California State Immigration Laws
Welcome to FindLaw's coverage of existing California legislation and rules related to individuals' immigration status. However, it is important to be aware of the relationship and tension between state and federal law when it comes to subjects involving immigration. Below you will find information on what, if any, rules California has regarding immigration checks by law enforcement, educational institutions, and employers, as well as the existence of E-Verify requirements, restrictions on public benefits based on an individual's immigration status, and more.
Law Enforcement and Immigration in California
California does not require that state or local law enforcement officers check the immigration status during traffic stops or similar circumstances. However, an increasing number of local and county law enforcement officials are starting to assist with, investigate, or pursue suspected immigration-related offenses. Additionally, under a federal program, all individuals arrested are fingerprinted and run through a database which checks their immigration status. Some states, including California, are considering and sometimes passing legislation permitting local governments to "opt out" of such programs.
Under federal law, employers must verify prospective employees' authorization to work in the United States. For more information, refer to federal employment eligibility verification rules and the requirements for Form I-9.
Legislation implemented in 2012 made it easier for farm workers, even those who are undocumented, to join labor unions and advocate for workers' rights.
California E-Verify Law
While a number of other states require the use of E-Verify, recent legislation signed into law in California instead restricts the use of E-Verify in the state. Under its legislation, California has prohibited municipalities, counties, and other state government entities from passing mandatory E-Verify ordinances that apply to private employers. As a result, private employers in California are not required to use E-Verify, although they remain free to do so voluntarily.
Driver's License/ID Requirements
California law requires that every applicant for an original state ID card and/or driver license to show verification of birth date and proof of legal presence within the United States. This can be done via a number of identifying documents, such as a Social Security Card, and limits access to driver's licenses for illegal immigrants. Although legislation has been raised and debated in California that would allow access to driver's licenses to individuals without regard to a person's immigration status, currently no such laws exist in the state.
Public Benefits Restrictions
Under federal law, illegal immigrants are prohibited from receiving public benefits, although they are allowed to receive emergency services, health care, and other programs that have been identified as "necessary to protect life and safety." California makes a number of programs available to individuals irrespective of their immigration status, with most involving access to various aspects of health care.

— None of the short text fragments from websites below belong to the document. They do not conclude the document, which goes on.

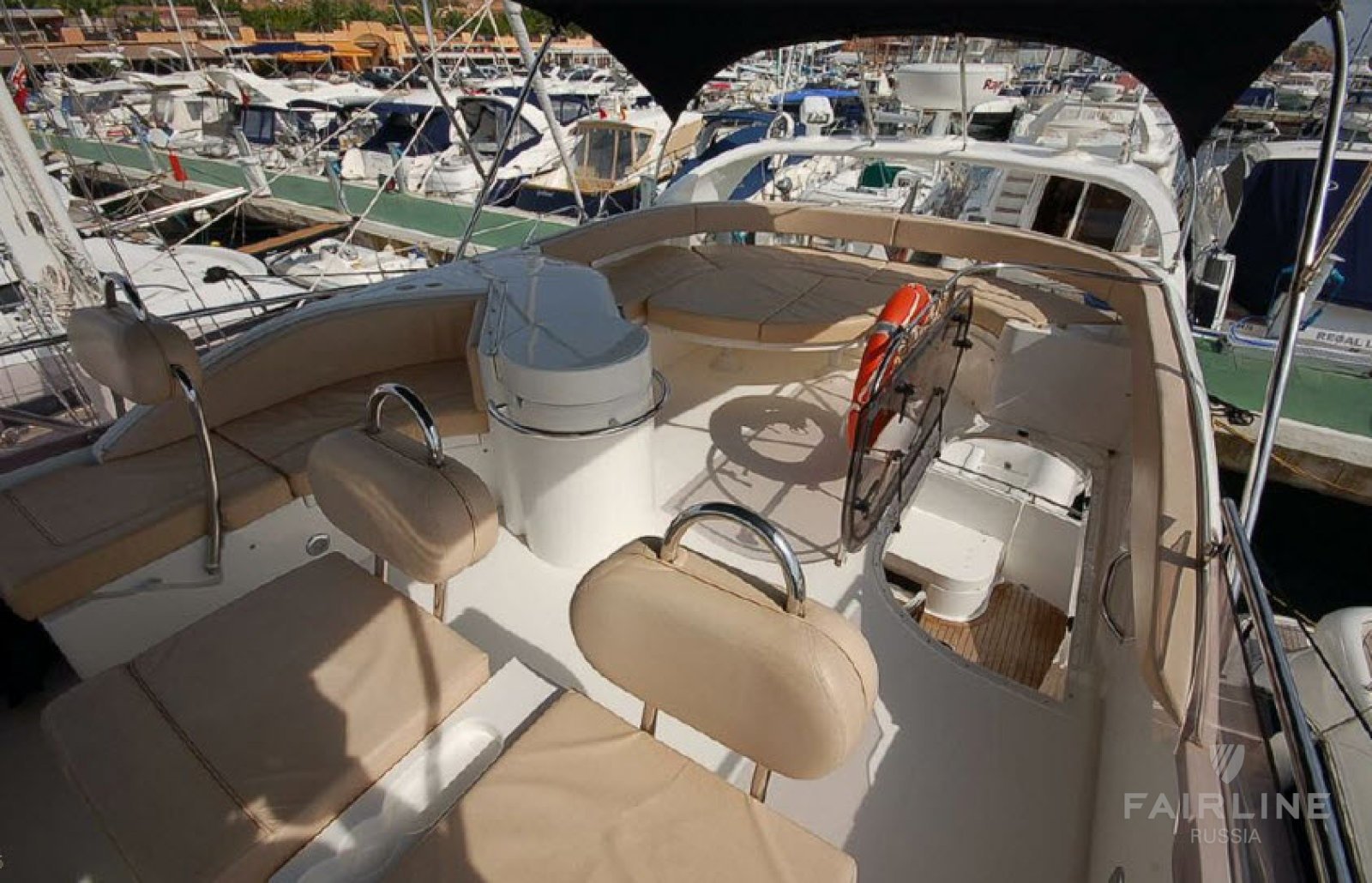 Fairline Phantom 50 | Интерьер 11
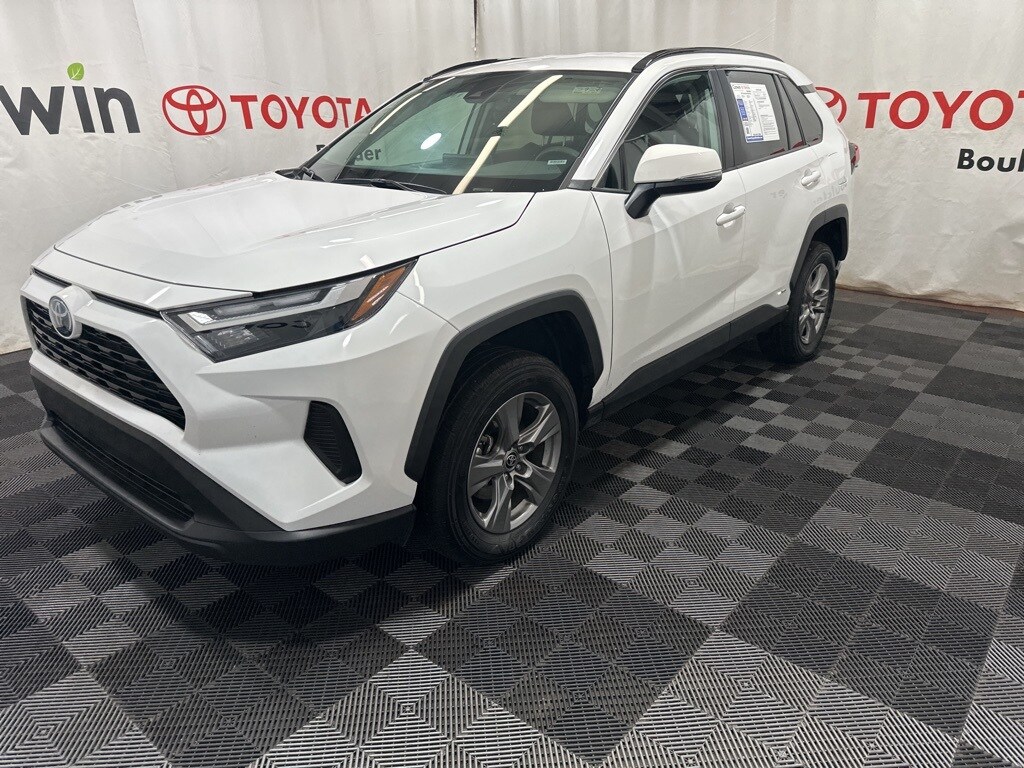2024 Toyota RAV4 Hybrid XLE photo 3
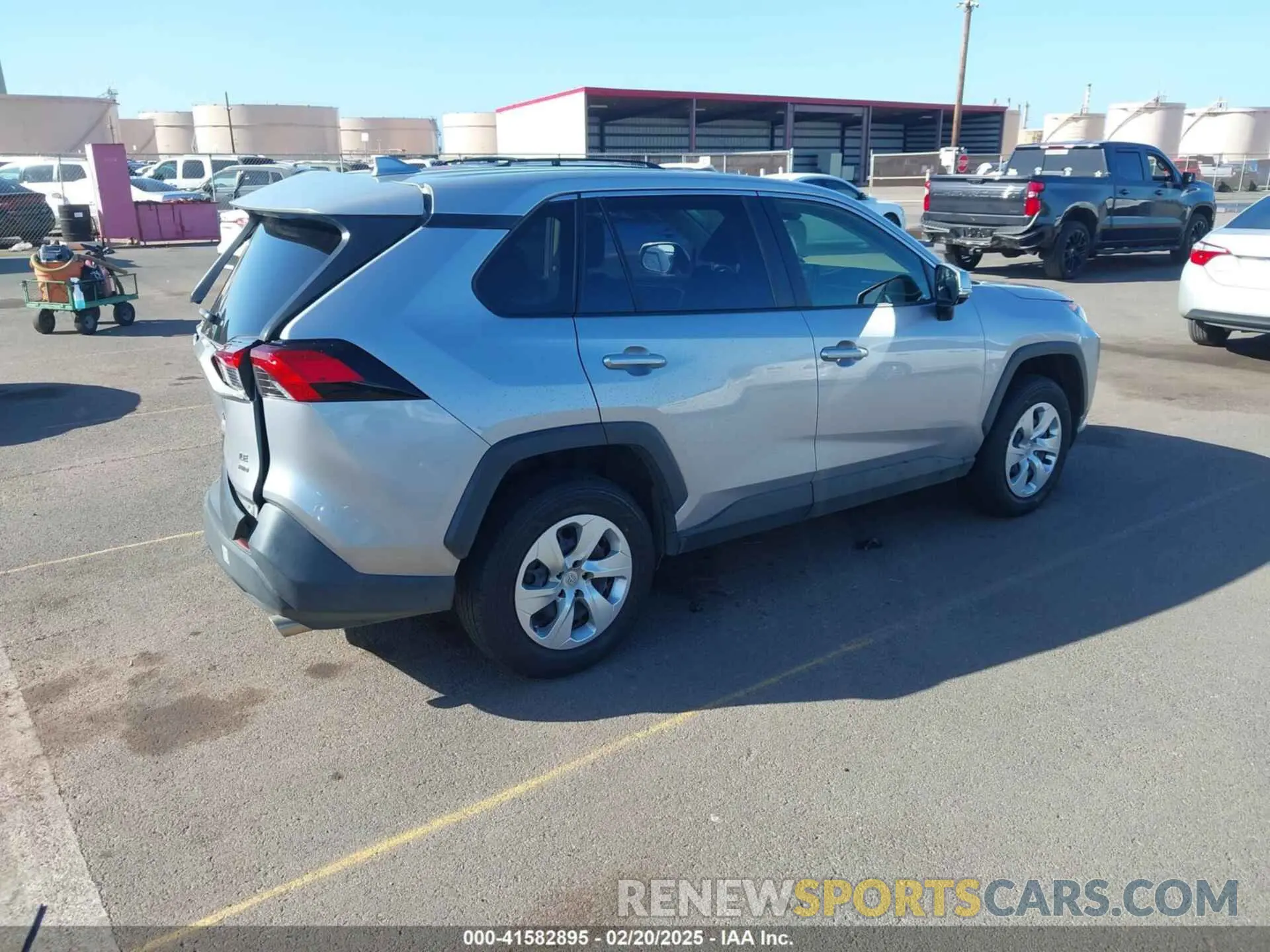 4 fotografías del automóvil dañado JTMG1RFV3ND085130 TOYOTA RAV4 2022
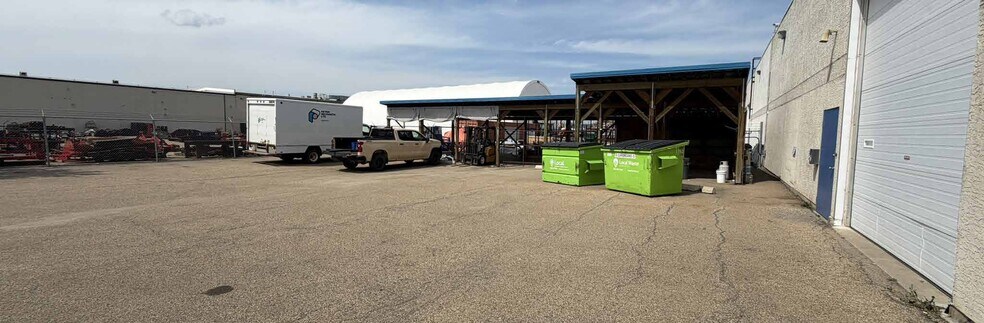 More Photos Of 12180 152nd St NW, Edmonton Warehouse For Lease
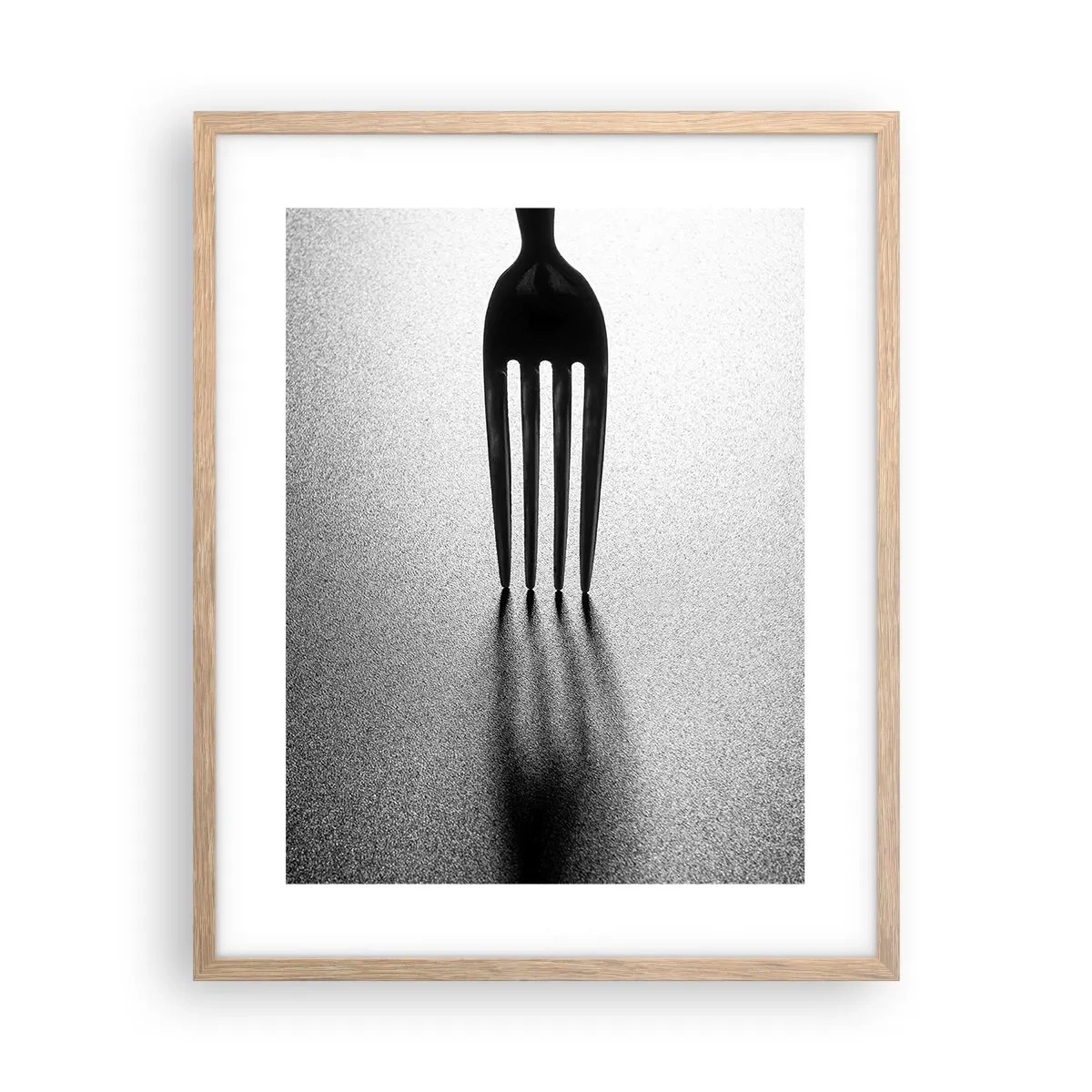 Plakat i ramme af lyst egetræ - Lys og skygge - 40x50 cm
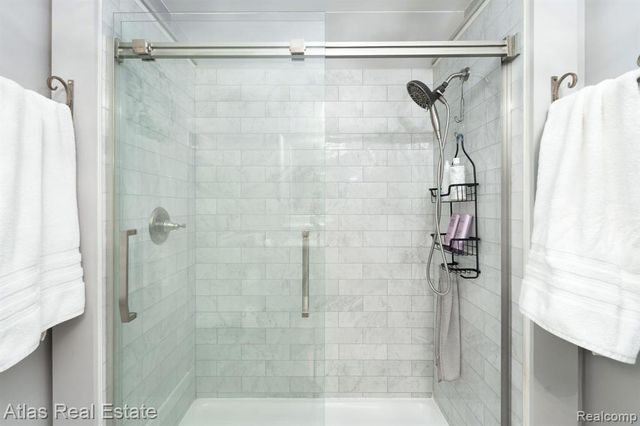 5864 Augusta Lane, Grand Blanc, MI 48439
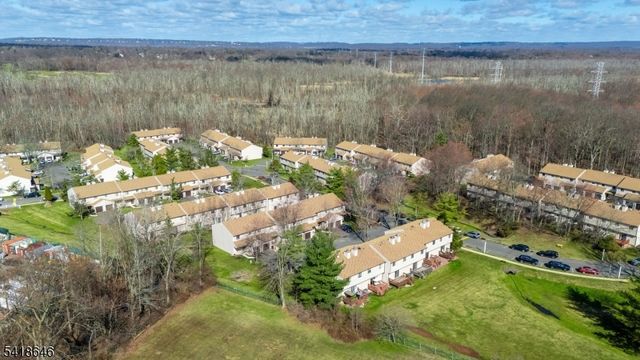 5 Lily Ct, Edison Twp., NJ 08820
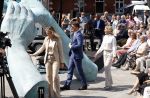 Amsterdam 15 juli 2024
Herdenkingsmonument Peter R. de Vries onthuld in Amsterdam Het kunstwerk bestaat uit twee bronzen handen die in elkaar grijpen en is gemaakt door kunstenares Rini Hurkmans. Burgemeester Femke Halsema en Kelly de Vries spreken tijdens de onthulling van het monument. Humbert Tan presenteert het . Ook zijn vrouw Jaqueline de Vries zoon Royce de Vries (met vrouw ) en Kelly de Vries (met partner) waren natuurlijk aanwezig .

Education and Immigrants in California
Unlike some states, which have made legislative efforts to limit illegal immigrant access to in-state tuition rates, California recently passed the DREAM Act, which explicitly permits current and prospective students who are undocumented immigrants to pay the same tuition that in-state legal residents enjoy at public universities. Related legislation will allow these same students who qualify for in-state tuition rates to apply for and receive financial aid benefits. Also, test sponsors of graduate exams must provide alternative means of proving identification.
Voter ID Rules
Federal law sets baseline registration and ID requirements for elections involving federal offices, and California election law mirrors these requirements, requiring voters to provide ID at the polls in some cases. Spefically, new voters who are registering and those who are re-registering must provide identifying information on their registration form (last four digits of SSN or Driver's License #). If they do not have either of these, they will have to establish proof of identity at the polling booth via a state issued ID or one of the other acceptable forms of identification. A voter who doesn't provide this sort of identification, can still vote but only on a provisional basis, which requires identification verification within days of voting.
Recent legislative efforts in California to enact more stringent Voter ID requirements than those outlined above have failed.
Housing Ordinances and Immigration
California does not prohibit the rental or provision of housing to illegal immigrants. However, there have been increasing efforts at the local level across the country to bar rentals to individuals residing in the country illegally. Such ordinances restricting access to housing typically face challenges in court, with widely varying results.